TASK INSTRUCTIONS = In the records below, repeat word for word only the lines starting at the one that contains "TRAWOC HAVOK 30L" and ending at the one that contains "Giroletto a Molle", pictures excluded.

INPUT MATERIAL =
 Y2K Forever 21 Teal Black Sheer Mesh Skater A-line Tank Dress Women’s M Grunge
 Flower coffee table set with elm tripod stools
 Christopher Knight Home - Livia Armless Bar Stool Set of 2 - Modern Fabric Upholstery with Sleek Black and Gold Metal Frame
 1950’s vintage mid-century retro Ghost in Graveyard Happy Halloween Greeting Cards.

--

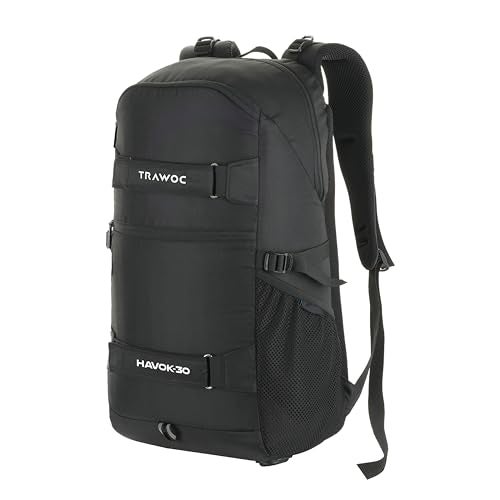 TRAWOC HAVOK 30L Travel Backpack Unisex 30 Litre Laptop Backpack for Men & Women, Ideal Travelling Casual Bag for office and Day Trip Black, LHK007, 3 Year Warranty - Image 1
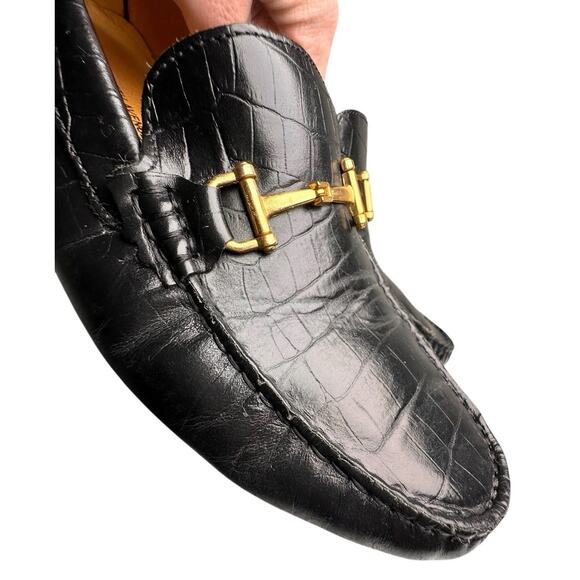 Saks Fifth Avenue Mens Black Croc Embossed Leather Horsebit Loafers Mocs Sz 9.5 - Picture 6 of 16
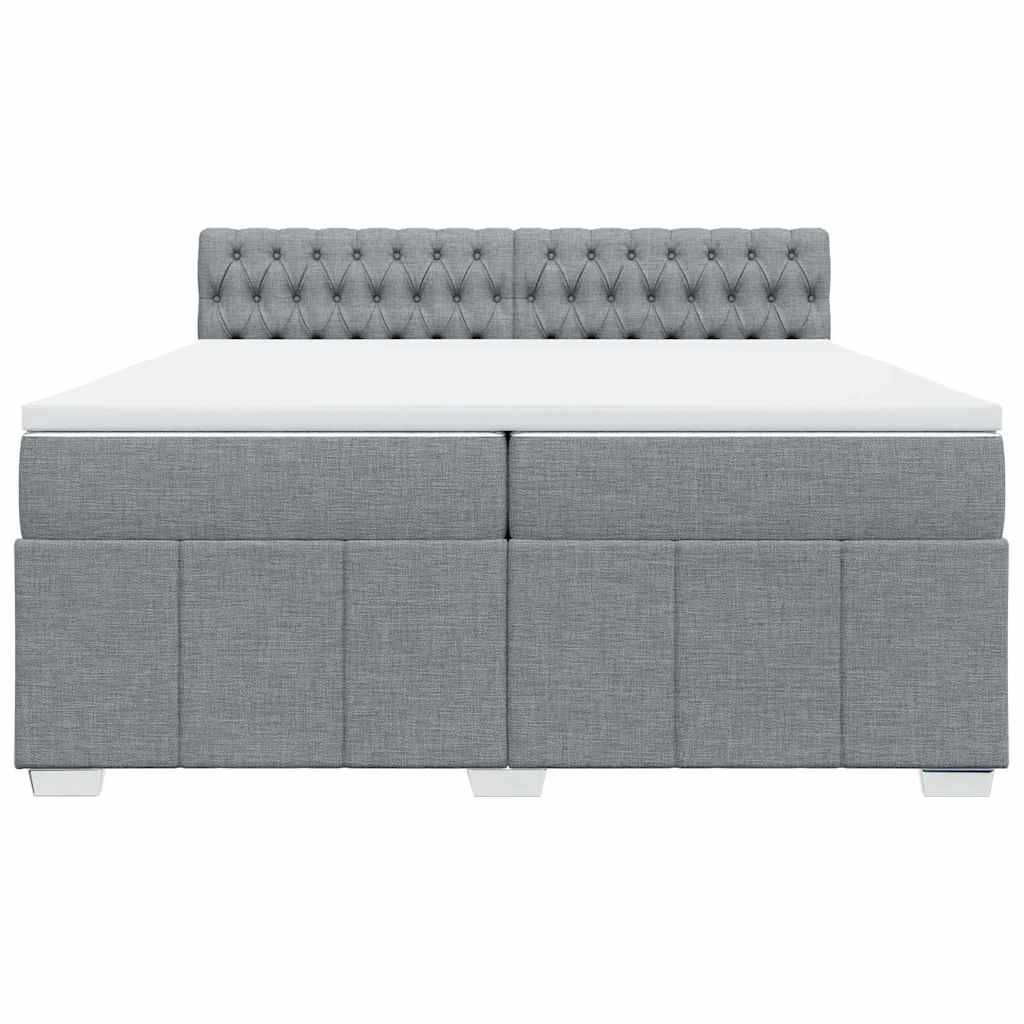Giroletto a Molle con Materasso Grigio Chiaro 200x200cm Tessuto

SOLUTION TO THE PROBLEM =
 TRAWOC HAVOK 30L Travel Backpack Unisex 30 Litre Laptop Backpack for Men & Women, Ideal Travelling Casual Bag for office and Day Trip Black, LHK007, 3 Year Warranty - Image 1
 Saks Fifth Avenue Mens Black Croc Embossed Leather Horsebit Loafers Mocs Sz 9.5 - Picture 6 of 16
Giroletto a Molle con Materasso Grigio Chiaro 200x200cm Tessuto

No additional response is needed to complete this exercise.